Today in our making manga series we are going to talk a little about creating a storyboard. This process has a few terms for it, including a “name.” I went to art school and took a storyboarding class and I write novels so I know how to write a story. When writing the dialogue and story information for the grydscaen graphic novel – volume 1, I initially did a storyboard for the first 6 chapters.
I started out just sketching. Mapping out the blocking for the story once I had the dialogue set. Most of the dialogue in the manga “A Storm’s Coming” came directly from the short story.

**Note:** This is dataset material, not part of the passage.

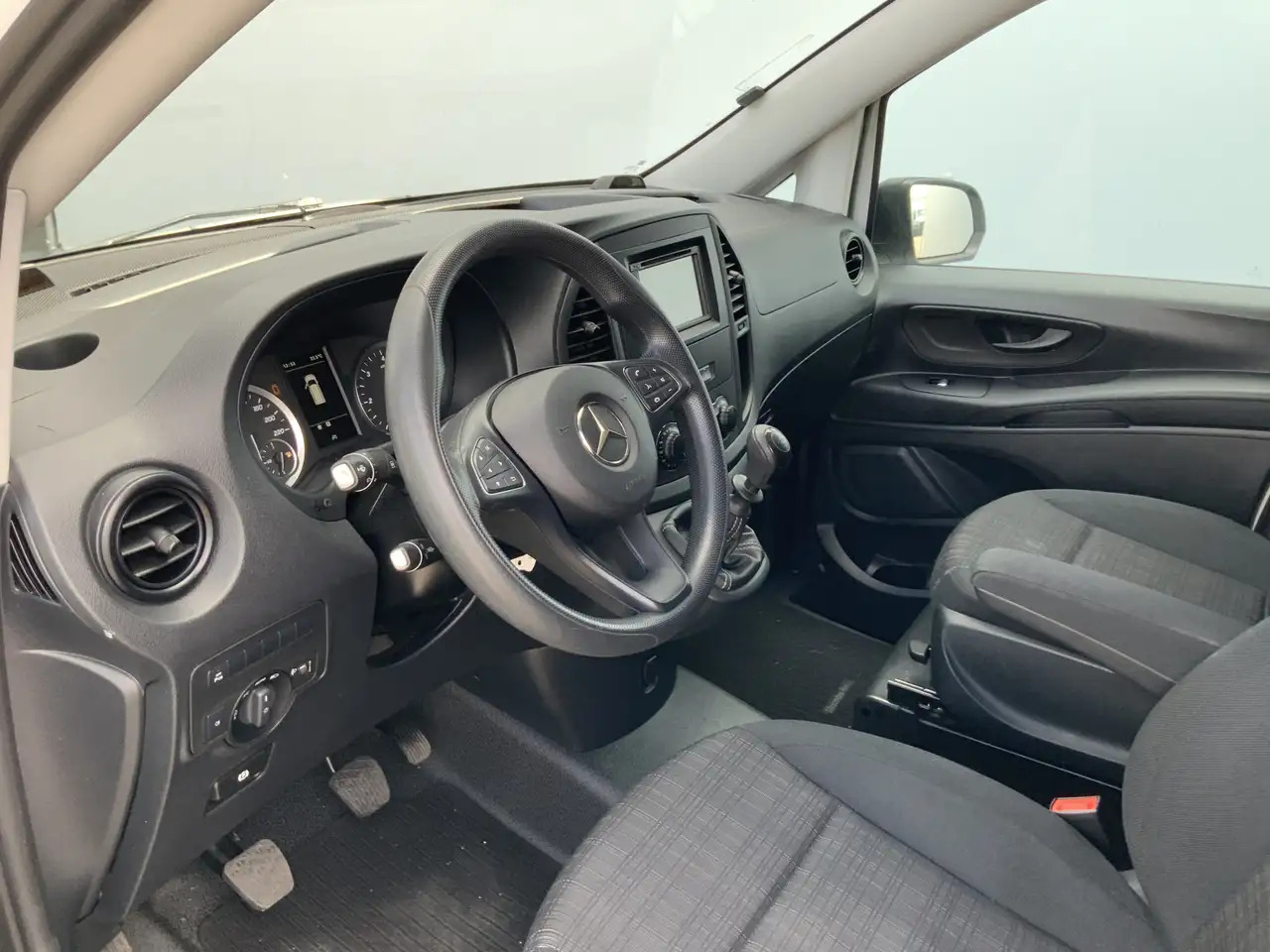 Mercedes-Benz Vito 110 CDI L2 Airco Cruise Navi Scherm Dakrail Euro 6 - Легковой фургон: фото 5 Mercedes-Benz Vito 110 CDI L2 Airco Cruise Navi Scherm Dakrail Euro 6 - Легковой фургон: фото 5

You want to be able to tell your story visually. A storyboard doesn’t need to be fancy. It will including the paneling and blocking for the story with some stick figures even and adding a little bit of dialogue. This storyboard can help you create the pages in the manga at a later date in more detail.
You want to get your ideas on the paper. It is easy to draw a storyboard template using rectangles or squares and lines below for dialogue or camera moves for a traditional storyboard feel. I had also animated using Flash some short animations about 5 minutes each and those storyboards were drawn with colour pencils and cut out and put on matte board.
When drawing your storyboards you don’t want to spend too much time on them. Just get your ideas down on paper quickly. The storyboards that were done for the grydscaen graphic novel – volume 1 were done on 8.5×11 paper relatively quickly.
The drawings above which ended up being very different in the graphic novel were the original character designs for Riuho (bottom panel left) and Lino (bottom panel right) when they were children in the scene in chapter 1 when they are playing in the garden at the palace. These initial drawings were eventually redone and used in the grydscaen web comic.
The storyboards allowed me to test out the way the layout was on the page. These drawings are closer to a “name” than a storyboard since they show panel blocking.
The other thing the storyboards did were to help me shorten the dialogue. A lot of the original dialogue from the novel grydscaen: beginnings was written for a novel length work and were too long for web comic panels. The dialogue had to be shortened so that it would fit into the comic pages. The changes in the dialogue were used in both the web comic and the graphic novel.
For the manga graphic noise which we are currently writing the accompanying novel, the storyboards that will be used for that will need to also include short dialogue to fit the pages when the manga starts getting drawn.
Your storyboard is the first view into your idea. From a writing standpoint you can also write episodic scene based lists if you don’t want to draw.
Storyboards are your friend. Use them to help you get a feel for how the initial look into your manga can be.